#### Task prompt:
Write down the listing again exactly as it appears below, without its pictures.

#### Given data:
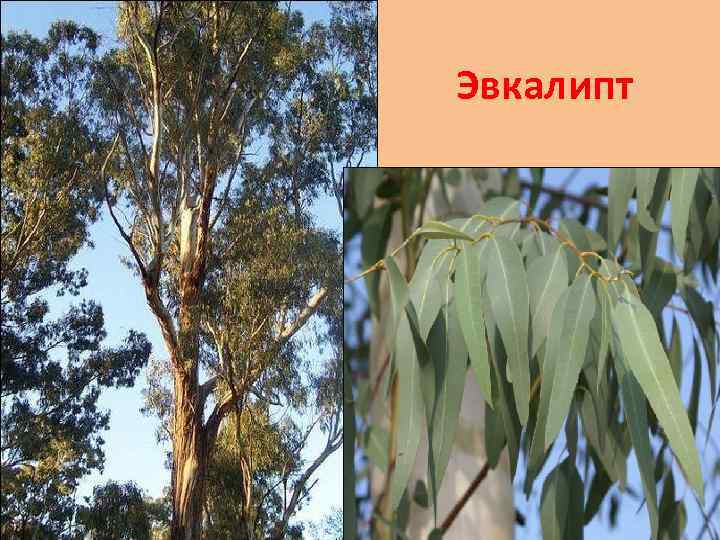 Эвкалипт 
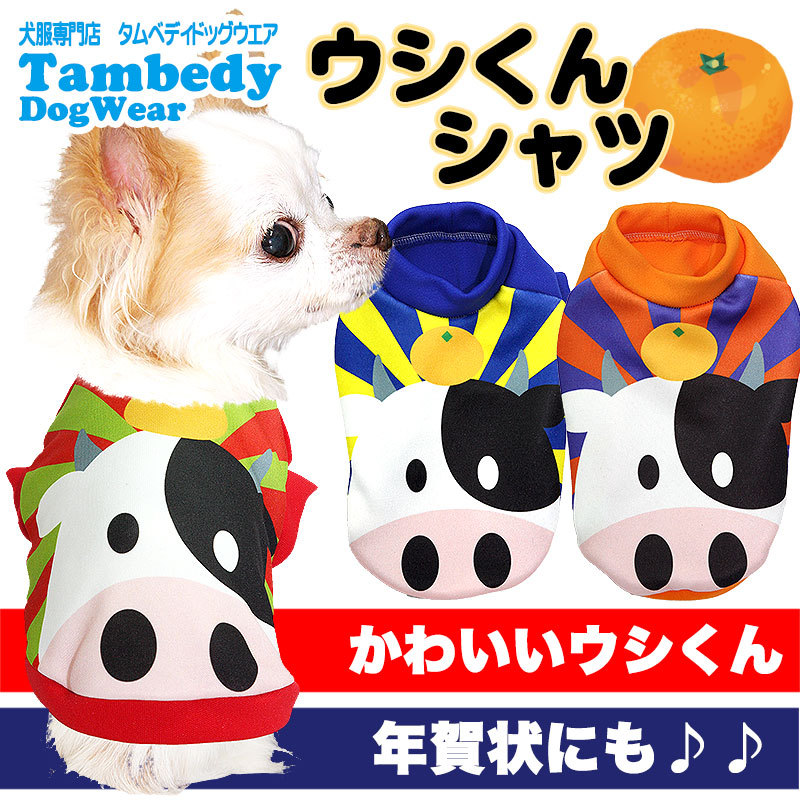 Tambedy（タムベディ） ＼冬物クリアランスSALE開催中／犬 服 秋冬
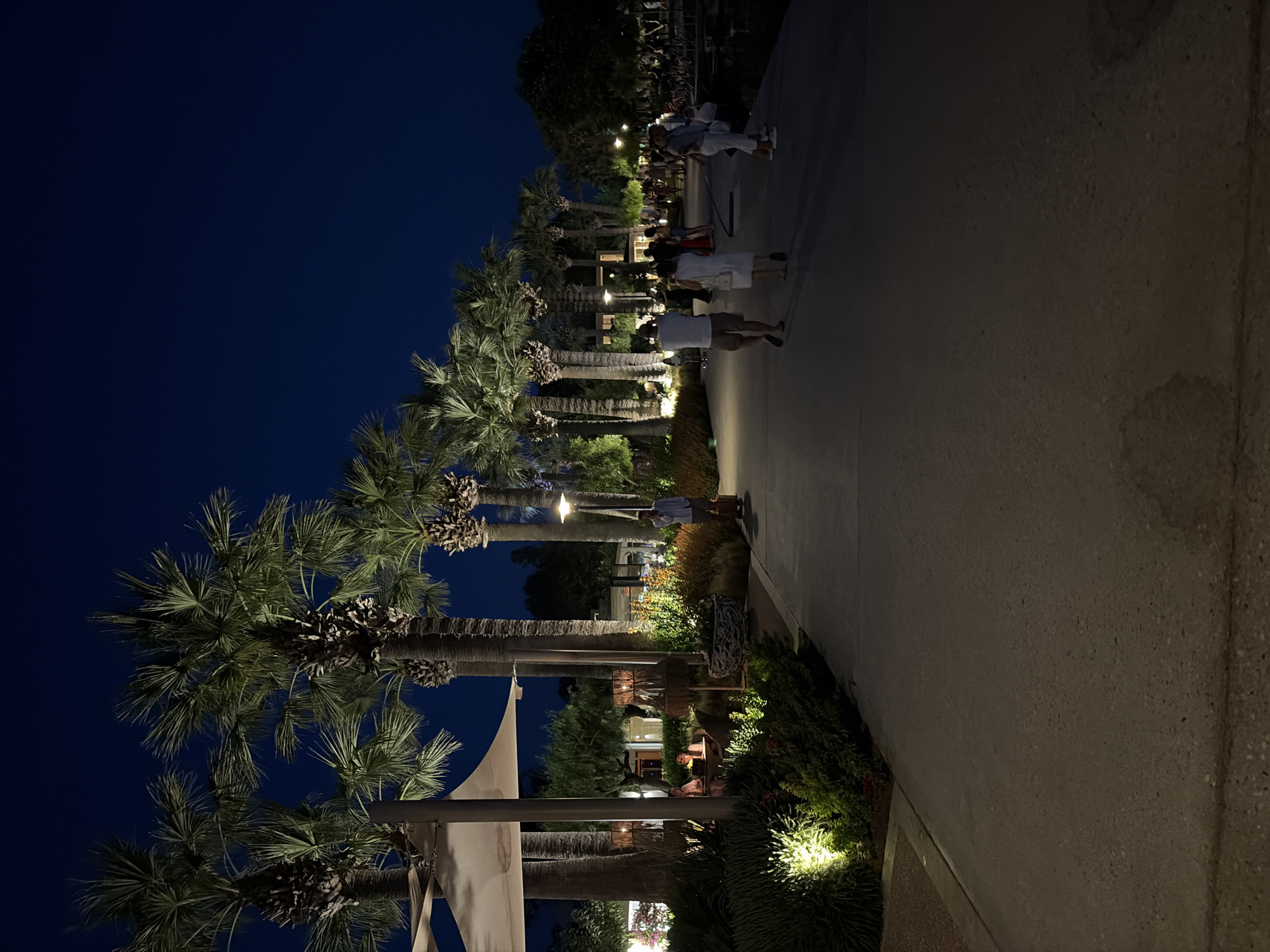 This image depicts a waterfront promenade in the municipal unit of Kassandra, Greece, at night. The scene is illuminated by artificial lighting, casting a warm glow on the pathway and surrounding vegetation. Several palm trees line the walkway, their fronds silhouetted against the dark night sky. A group of people are seen strolling along the promenade, some walking together, others individually. In the foreground, there are well-maintained green bushes, some of which are lit from below, creating an inviting ambiance. In the mid-ground, a man in a light-colored shirt stands near a lamppost, holding a suitcase. Further back, a building with lights on is visible, suggesting the presence of shops or restaurants. The overall atmosphere is peaceful and suggests a lively evening atmosphere at a coastal resort.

#### Task response:
 Эвкалипт 
 Tambedy（タムベディ） ＼冬物クリアランスSALE開催中／犬 服 秋冬
 This image depicts a waterfront promenade in the municipal unit of Kassandra, Greece, at night. The scene is illuminated by artificial lighting, casting a warm glow on the pathway and surrounding vegetation. Several palm trees line the walkway, their fronds silhouetted against the dark night sky. A group of people are seen strolling along the promenade, some walking together, others individually. In the foreground, there are well-maintained green bushes, some of which are lit from below, creating an inviting ambiance. In the mid-ground, a man in a light-colored shirt stands near a lamppost, holding a suitcase. Further back, a building with lights on is visible, suggesting the presence of shops or restaurants. The overall atmosphere is peaceful and suggests a lively evening atmosphere at a coastal resort.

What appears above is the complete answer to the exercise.